→ **TASK TO COMPLETE**: Look below for the line containing "USN - Officer Candidate School ᅠ", then write out that line and every line after it to the end, exactly, minus the pictures.

→ **Image-text web data**:

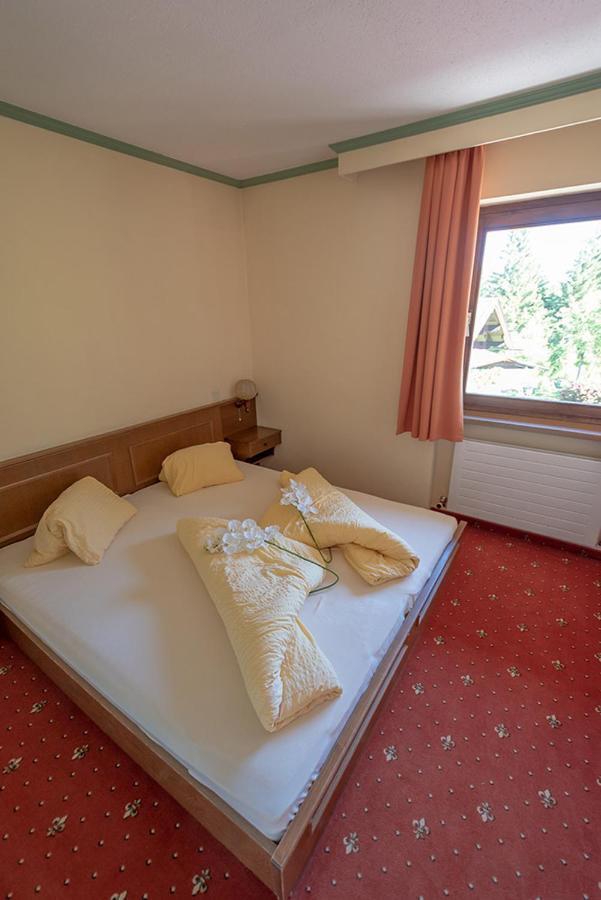 Appartement Pillersee Sankt Ulrich am Pillersee Exteriör bild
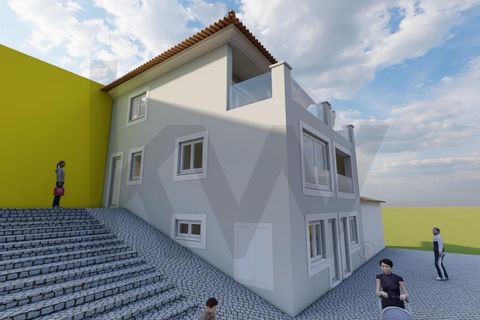 Lejlighed i Ferragudo, Faro, Ferragudo - € 410.000 | Ref: KWPT-012178 - foto 1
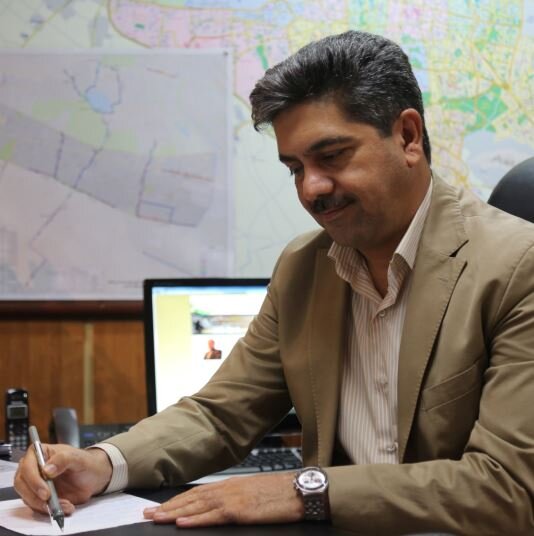 مشارکت صنایع در توسعه ورودی غربی پایتخت با احداث ۳بوستان مشارکتی دیگر همچنان با قوت ادامه دارد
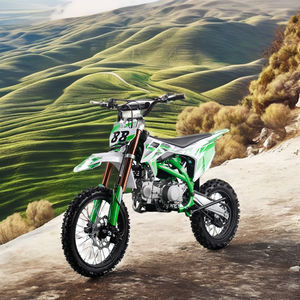 <span class=keywords><strong>Moto</strong></span> <span class=keywords><strong>Cross</strong></span> APAQ de course <span class=keywords><strong>125CC</strong></span> 140CC 190CC tout-terrain 17/14 roues à essence de haute qualité - Product Image 6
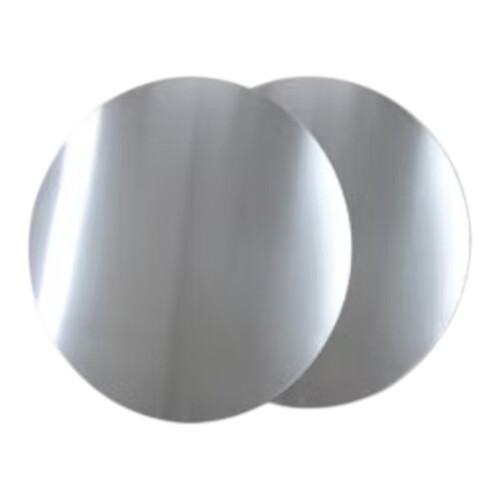 Stainless Steel Circles
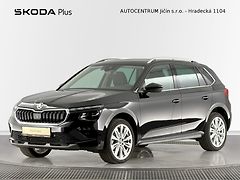 Škoda Kamiq (2025) 1.0TSI 85kW Top Selection - fotografie inzerátu
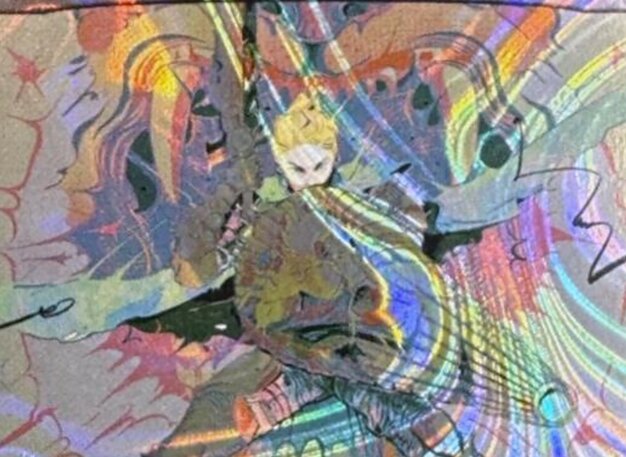 Myrel, Shield of Argive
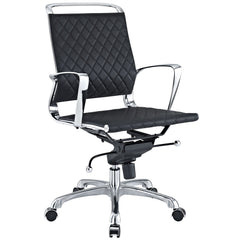 Modway Vibe Lowback Office Chair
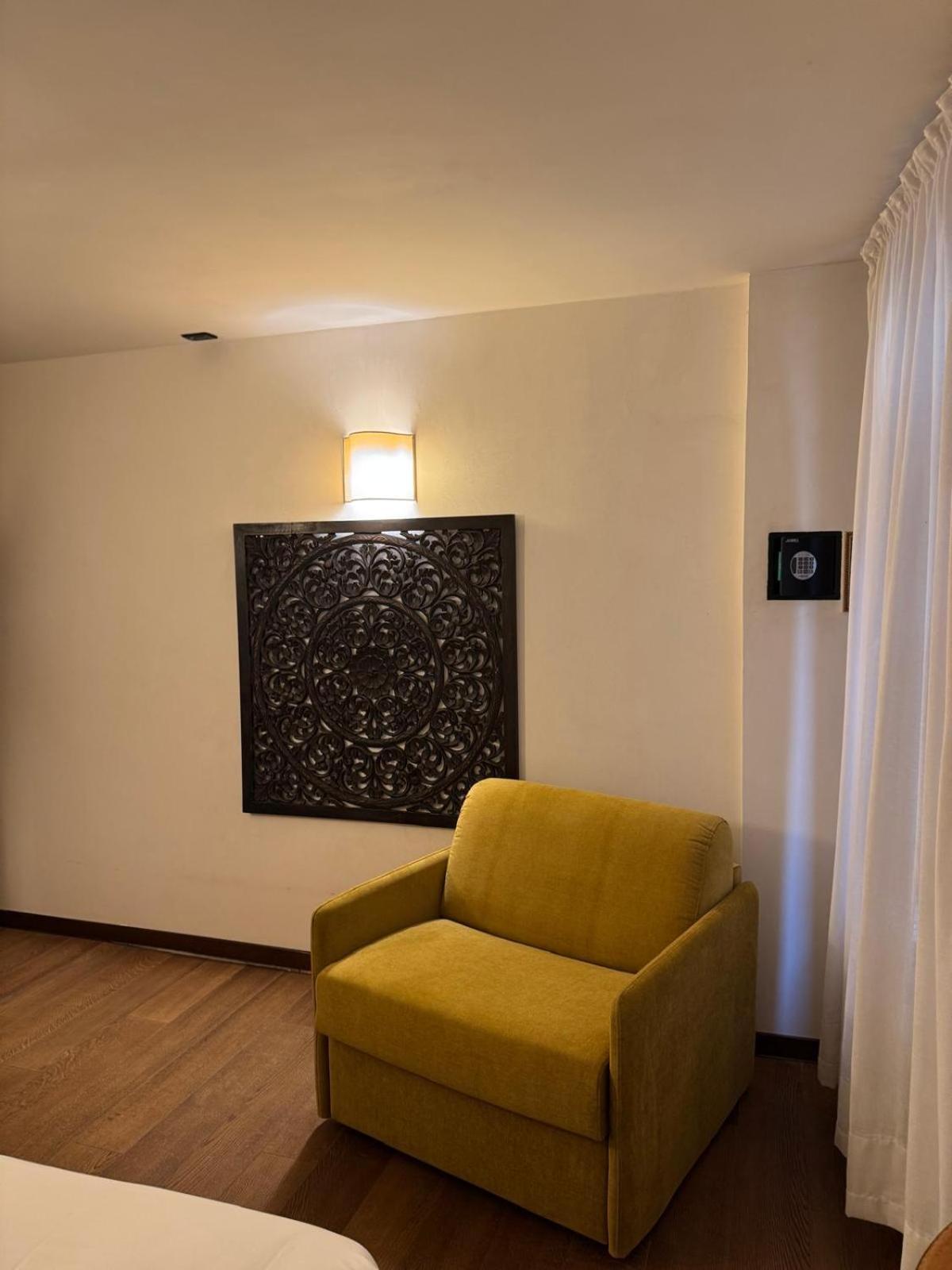 Hotel Guerrato Βενετία Εξωτερικό φωτογραφία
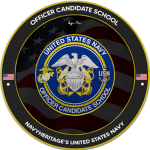 USN - Officer Candidate School ᅠ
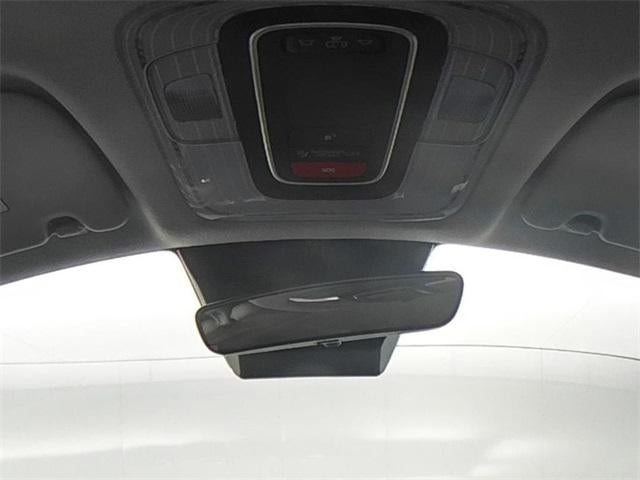 2026 Hyundai KONA SE AWD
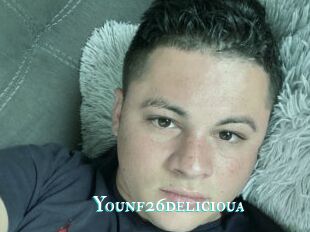 Younf26delicioua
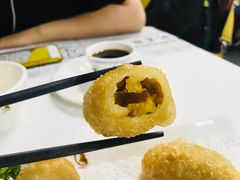 -周记茗点居(西村店)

→ **ANSWER AREA**:
 USN - Officer Candidate School ᅠ
 2026 Hyundai KONA SE AWD
 Younf26delicioua
 -周记茗点居(西村店)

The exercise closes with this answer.